The ND State Standards and I have a love/hate relationship. I was part of the team that helped to establish standards for grade ten soon after No Child Left Behind was developed. I went to the our state capital with the hope of creating standards that would hold North Dakota students accountable for the curriculum that North Dakota teachers found profoundly important.

I did that, sort of.

I then went to the state capital to help choose a vendor to write the state assessment that our students would take yearly to see if they met those standards.

I did that too, sort of.

The truth is, we did a good job writing standards, but we were plagued by many questions that went unanswered by the 'powers that be.' We wondered how our students were going to be tested. We wondered what a question would look like that would test standards that expected students to 'use appropriate body language' or 'edit for meaning.' We really wondered how our students would be asked to show proficiency in writing on a test that was almost completely multiple choice. Hmmmm.

I know most of the answers now from helping to align the CTB test to our standards, and most of them do not make me happy. The truth is that our students are tested on 'using' or 'editing' or 'writing' by choosing the correct answer from a list of four. Choosing answers written by someone else really is not 'using' or 'editing' at all. In fact, on any given day, our students have at minimum a 25% chance of 'using' or 'editing' or 'writing' correctly. I think everyone can see the lack of logic here.

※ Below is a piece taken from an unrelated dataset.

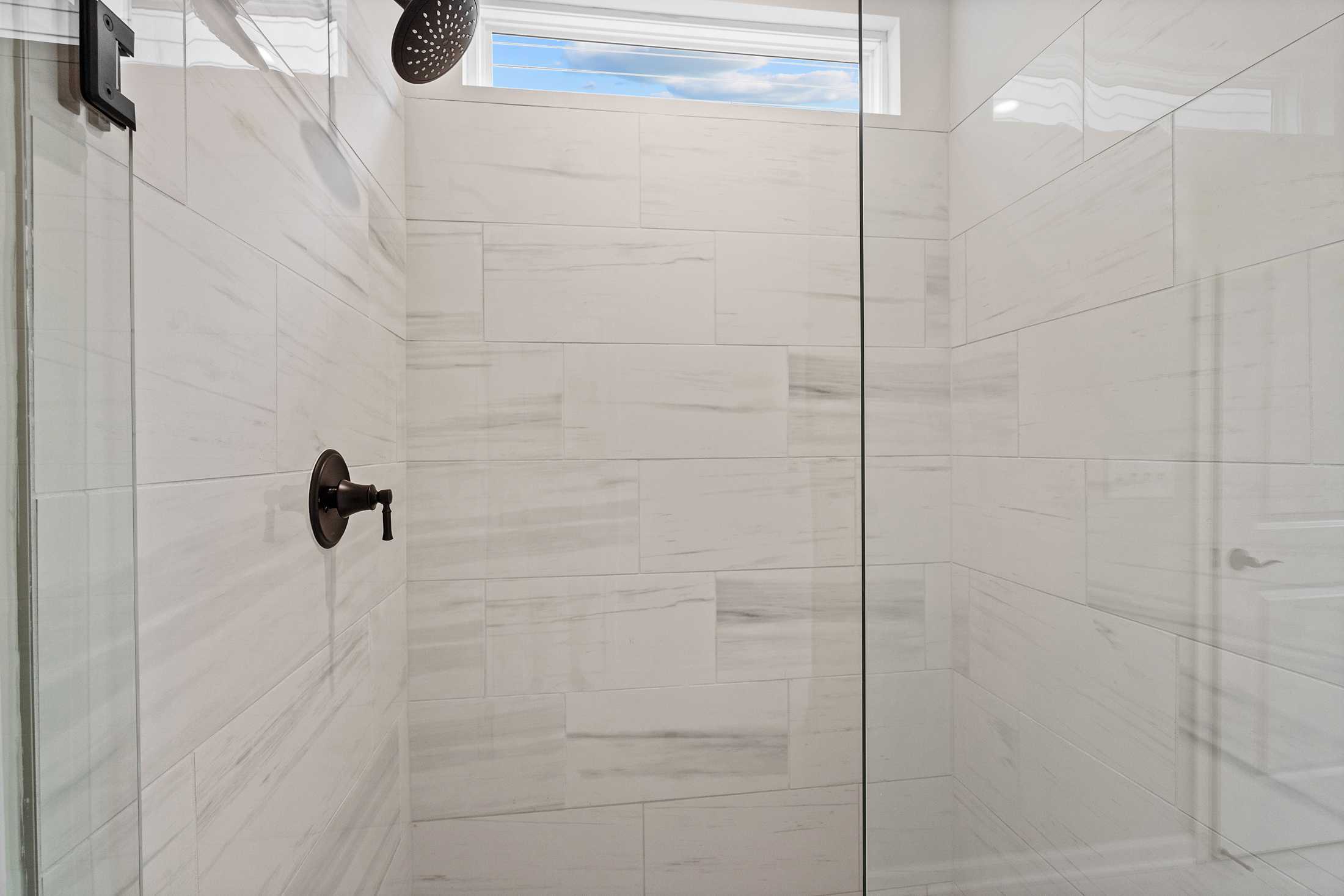 Modern walk-in shower in The Glenwood B master suite featuring white subway tile, frameless glass enclosure, rainfall showerhead, and transom window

So why? Money. It costs money to score a test that actually has students carrying out real writing tasks. They complain that it is time consuming to score so many writing samples. Hmmm.

The test is only given one time a year, and the state thinks it will be too time consuming and costly to score our students' writings. Maybe they should take a look at their own logic. Teachers all over the state score countless essays and papers in the course of a year. We know that the only way for a student to become proficient at writing is to practice, practice, practice. In addition to the practice, they need educated, understandable, individualized feedback. How time consuming does the state think that is?

North Dakota pays its teachers one of the very lowest salaries in the country. Yet, I know that I would have to look very, very hard to find a teacher who would stoop low enough to score their students' writing ability with a multiple choice test.

It is time consuming to score hundred and hundreds of essays and papers. I know. I teach ELA. I do it for next to nothing every day. I know when my students are proficient in writing because I actually have them write. And I do not appreciate being told by a state that cannot part with its surplus to provide an adequate test, let alone teachers' salaries even within range of the national average, whether my students are proficient or not.

I know if they are proficient. I am their teacher. I will do whatever I can to make each and every one proficient, if it is at all possible. Will North Dakota ever do the same?

1 comment:

  1. Thanks so much for this post. I've written time and time again about how we ARE the experts. State mandate gets a little tricky when we are the ones in the trenches every day teaching our subjects and assessing our students. I love that you were part of making the standards for your state though, that shows real dedication to getting it right.